- Problem to solve: Pictures in the listing below are skipped, while the lines from the "Apple iPad 10.2 (2021) 64 GB Gray · Photo 2" line through the "Cricket Image for" line are returned word for word.

-- Materials provided follows --

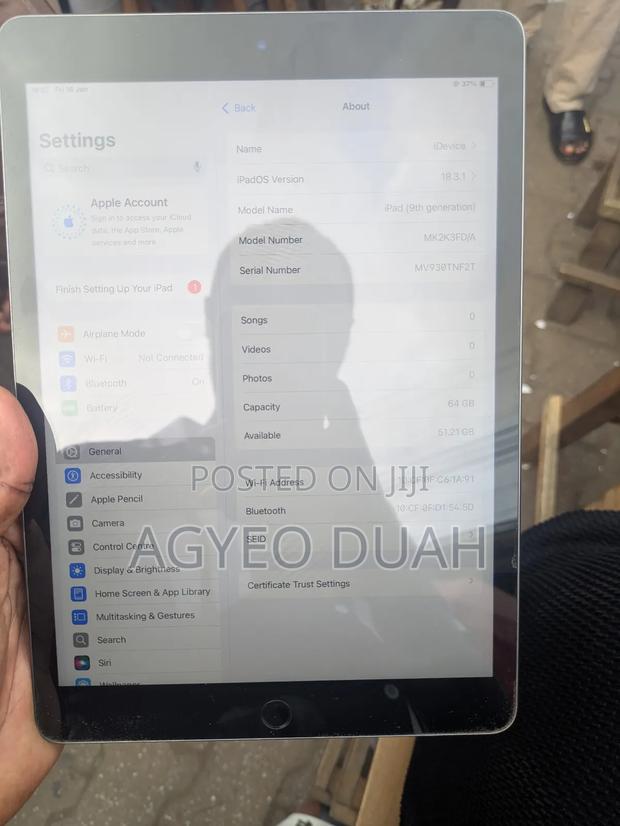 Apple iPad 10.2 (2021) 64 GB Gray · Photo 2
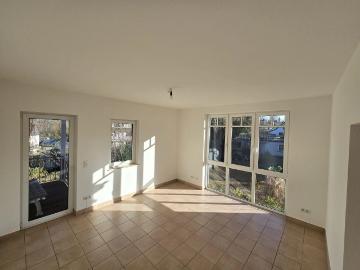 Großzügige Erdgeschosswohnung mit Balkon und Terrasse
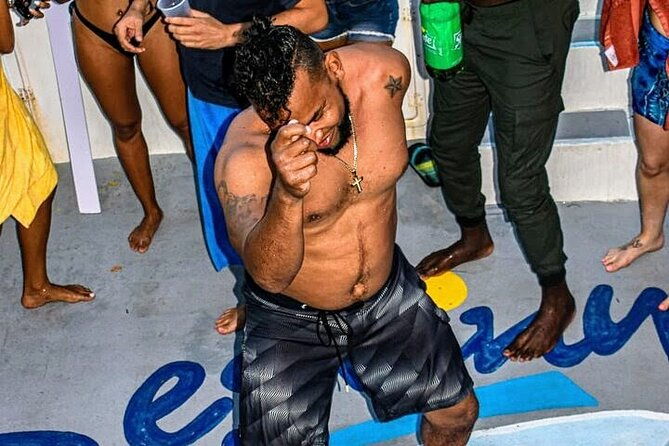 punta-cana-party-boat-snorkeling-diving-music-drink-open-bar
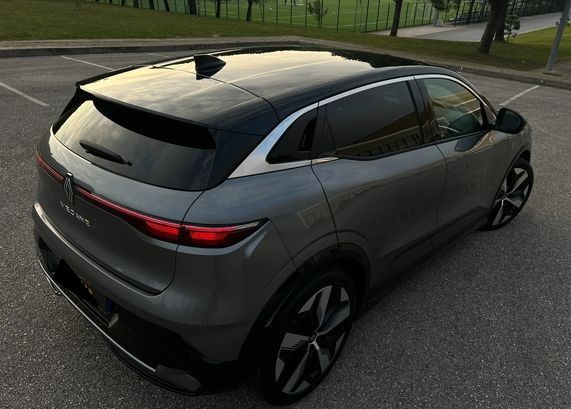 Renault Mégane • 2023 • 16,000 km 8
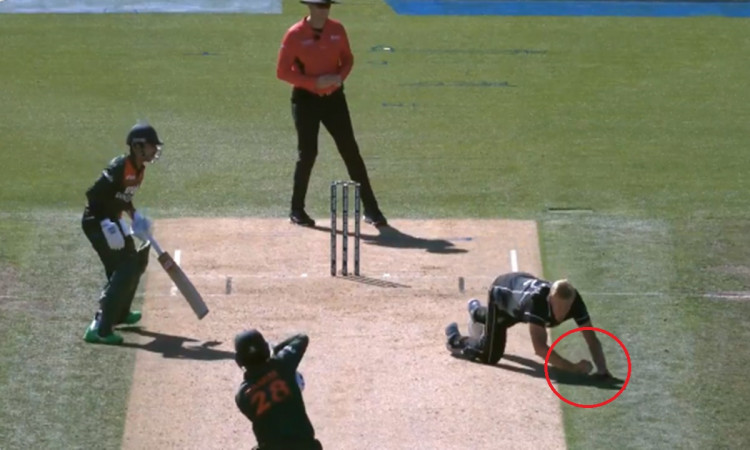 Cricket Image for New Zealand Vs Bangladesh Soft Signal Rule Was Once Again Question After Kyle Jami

-- Materials provided concluded --
-- Materials provided follows --

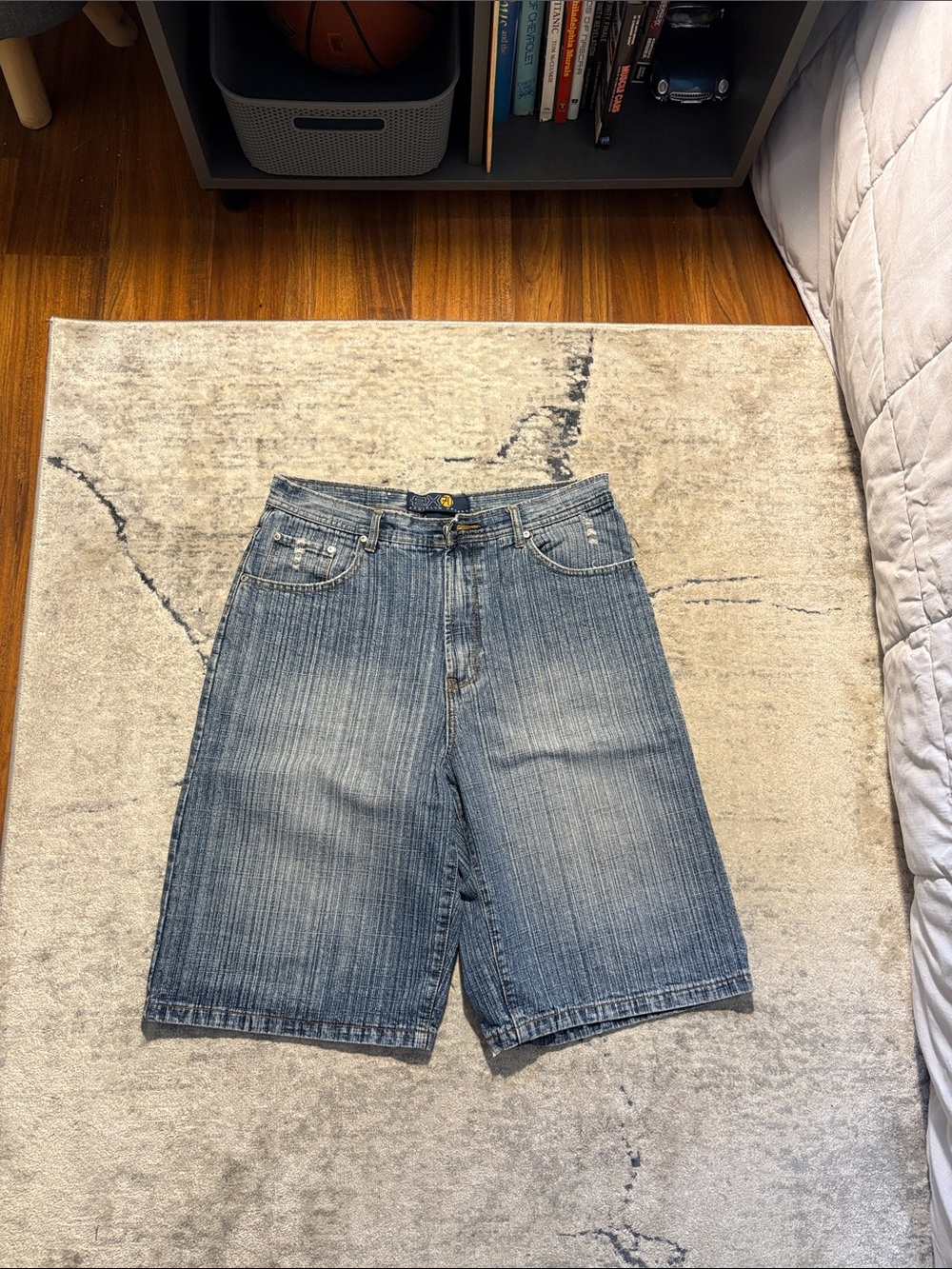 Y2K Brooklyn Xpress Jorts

-- Materials provided concluded --
-- Materials provided follows --

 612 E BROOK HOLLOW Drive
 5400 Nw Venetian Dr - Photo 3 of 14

-- Materials provided concluded --

- Result:
 Apple iPad 10.2 (2021) 64 GB Gray · Photo 2
 Großzügige Erdgeschosswohnung mit Balkon und Terrasse
 punta-cana-party-boat-snorkeling-diving-music-drink-open-bar
 Renault Mégane • 2023 • 16,000 km 8
 Cricket Image for New Zealand Vs Bangladesh Soft Signal Rule Was Once Again Question After Kyle Jami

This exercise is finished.